焼酎ルネサンスと博多織

(株)ルネサンス・プロジェクトの中村鉄哉さん、博多織「千年工房」の岡野博一さんと一緒に昼食をとりながら、様々な話題で意見交換。
中村さんは、この数年の焼酎ブームの仕掛け人。M物産九州支社時代に、地場産業の活性化につながる仕事をしたいということで、九州各地の蔵元を丹念に歩きまわり、志を共有できる経営者とともに焼酎の新しいブランドを次つぎに開発し、それまでと全く異なる販路で、九州の焼酎を福岡、東京、そして海外に広めていった、いわば地域産業おこしプロデューサーである。M物産の取扱高は最終的には20億円にまで成長していったが、100億・1000億単位の商社ビジネスの常識からすれば、20億というのは“ゴミ”みたいなもの。ブーム当初は、地域産業に貢献する総合商社の新しいありようとして社会的にもアピールし、お目こぼしをうけることができた。けれども総合商社にとってこうしたマイクロビジネスを続けるのは組織的にも論理的にも難しい。当然のことながら、中村さんとM物産とのせめぎ合いとなり、中村さんは最終的にはこの3月でM物産を退社し、4月にルネサンス・プロジェクトを立ち上げられたというわけだ。そして現在、M物産時代に開拓された蔵元とともに、地域の文化産業である焼酎のルネッサンスにまさにパワー全開、全力投入されている。

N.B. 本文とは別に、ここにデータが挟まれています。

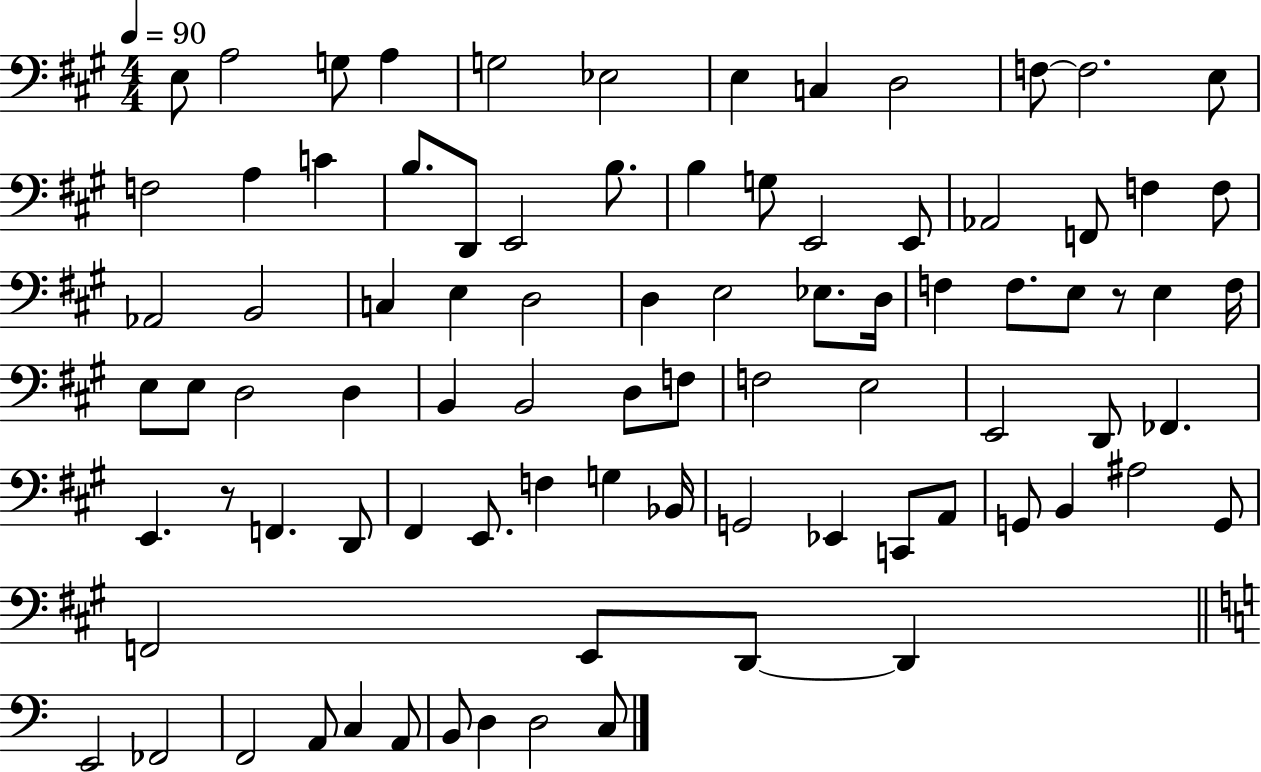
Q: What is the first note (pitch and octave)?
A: E3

地域の産業活性化につながる仕事をしていきたいという思いを“解放”する道を選択された中村さん、いやはや元気元気。魅力的な経営者の出現は嬉しいことこの上ない。中村さんにとって、焼酎はあくまで起点/切り札である。今後は、それを出発点に顧客とのアクセスポイント(店舗)の展開、食や農にかかわる新規事業・新商品の開発と、様々な領域でルネンサンス(革新)を仕掛けていきたいという。
もちろん、博多織をはじめとする伝統工芸とのコラボレーションもぜひ追求していきたいということで、岡野さんを紹介することとなったというわけだ。じつは、この6月、福岡市と仏ボルドー市との姉妹都市交流事業の一環で、ボルドー・ワイン・フェスティバルにおいて、福岡市・県の物産が出展・紹介されるが、そのコーディネートをルネサンス・プロジェクトが担当し、「サムライ焼酎」がフランスの人々にお披露目される予定となっている。そして、その「幟」を千年工房の博多織でつくりたいということで、それを現在、岡野さんの工房で製作中である。実際の取引のほうが先に進み、中村さんへの社長である岡野さんの紹介が後になったこともあり、会食をしようということになったという次第である。
こんなふうに、小さな点と点がつながり、線から面へ、面から立体へと発展していくのに立ち会い、ささやかなお手伝いができるのは楽しいものだ。